As it chose to only refer to the right to conduct a business, the court effectively positioned a shield between the company and anti-discrimination law on the basis of the respect that is legally due to private employers’ choices. Such protection of the private choice via a reference to employers’ and companies’ fundamental rights within the framework of anti-discrimination law effectively insulates the workplace from any robust understanding—let alone application—of anti-discrimination law. In other words, this is a clear example of the ways in which the very framing of the issue as a “private” issue, whose resolution ought to be determined by the legitimacy of the autonomous choice of an employer to display an image of neutrality, precludes the full application of anti-discrimination law. It is all the more true that the sister ruling to Achbita delivered by the court on the very same day131 only reinforces this interpretation. The combination of the two rulings does indeed read as follows: although they ought not to restrict their employees’ freedom of religion on the grounds of their customers’ prejudiced preferences, employers (and corporations) can legitimately anticipate such prejudices by internalizing neutrality policies—thereby avoiding any “risk” of interfering with their employees’ expression of beliefs and convictions.132 In other words, the CJEU has effectively given companies a blueprint that protects them from claims of religious discrimination from the moment they adopt an internal neutrality policy. The result of these important interventions is thus one that delineates “the workplace” as a specific social space that can well be shielded from any robust intervention of anti-discrimination law with respect to religion. The fact that this particular social space is by definition a private one, and that the precise legal artifact that effectively shields it away from the operation, and application of anti-discrimination law is the right to conduct a business are further elements that confirm that, in Europe too, the public–private divide is a central element of the limitation of the scope of anti-discrimination law.2.

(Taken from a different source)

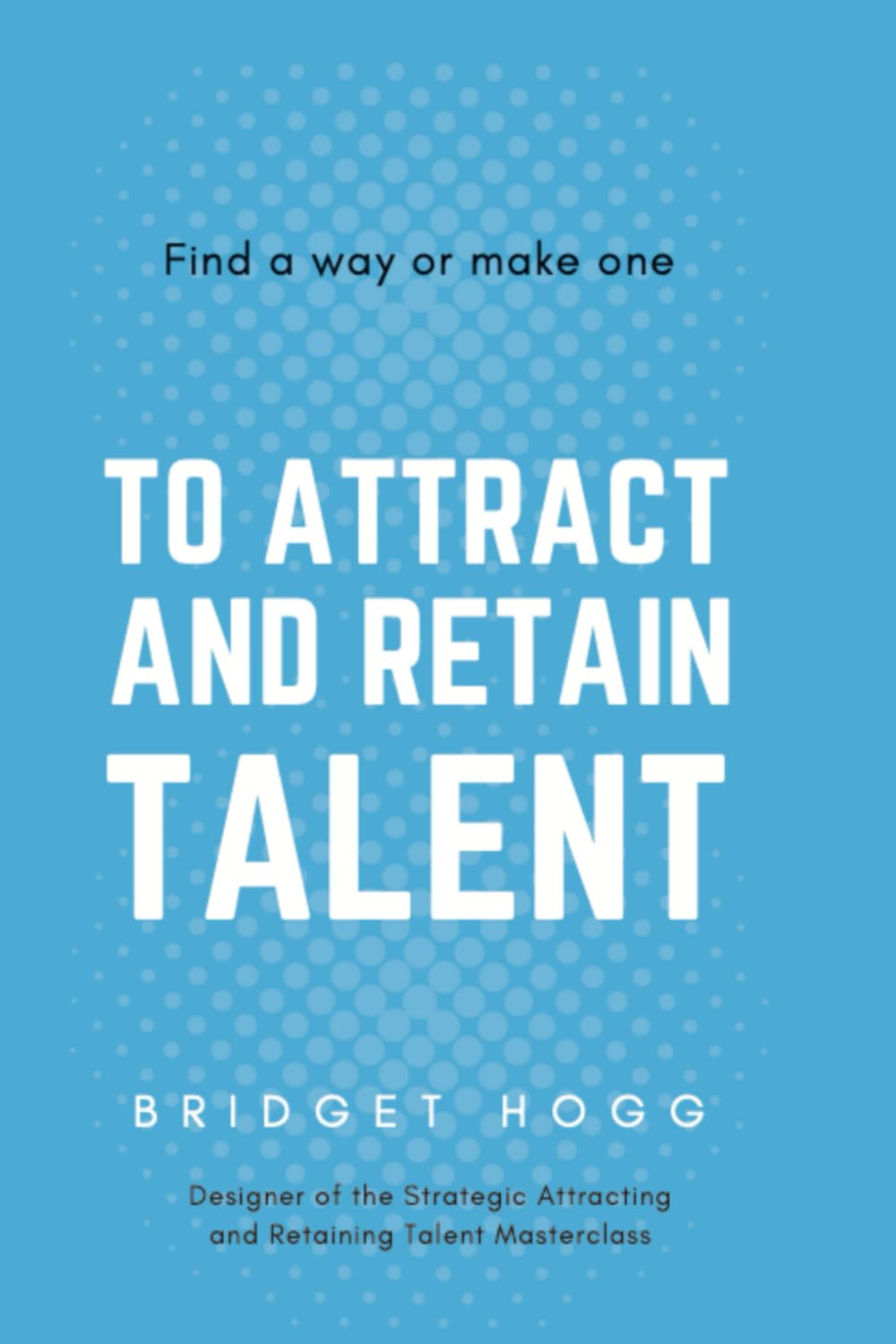 Find a Way or Make One to Attract and Retain Talent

2. Local Autonomy as a Limit on Equality Law

There is another cross-cutting legal concept that similarly plays out to restrict and contain the reach of equality and anti-discrimination law principles: that of local autonomy. Both American and European law swarm with cases in which judges have used that concept in order to hold back equality and non-discrimination clauses.

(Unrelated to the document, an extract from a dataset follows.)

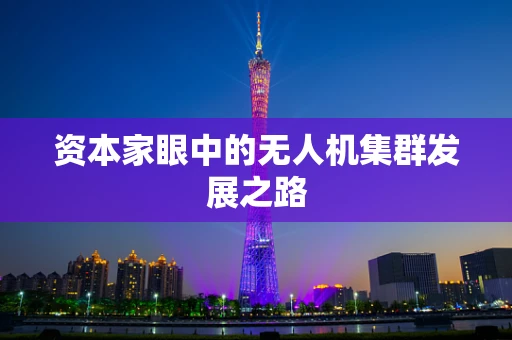 资本家眼中的无人机集群发展之路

In the United States, the long constitutional history of segregationist legal rules is replete with rulings whereby federal judges, including Supreme Court Justices, have declined to strike them down on the grounds that the issue at stake (be it the regulation of public transportation, educational policy, or other such issues) and related matters belong to the various states. This mode of reasoning is of course structural to American law, given the federal nature of the legal system. It remains noteworthy that it plays out massively on the issues that this Paper contemplates, even though equal protection requirements have been held to apply to the federal government.133 It is also worth noting that “[d]e jure segregation was primarily enacted as a matter of state law[,]”134—hence the particular acuteness of the issue of whether federal constitutional law constrained and even forbade legal segregation at the state level.

Again, going back to those opinions written by Justice Harlan that do not match the vibrant colorblind creed he expressed in his famous dissent over the Plessy case,135 several scholars consider that one of reasons why Harlan did not oppose the decisions of a local board of education to close a school that catered to Black students for financial motives, while maintaining the school attended by white students, had to do with the fact that schooling was, at any rate, a matter belonging to the respective states.136 This rationale remains essential throughout much of the constitutional struggles over segregation.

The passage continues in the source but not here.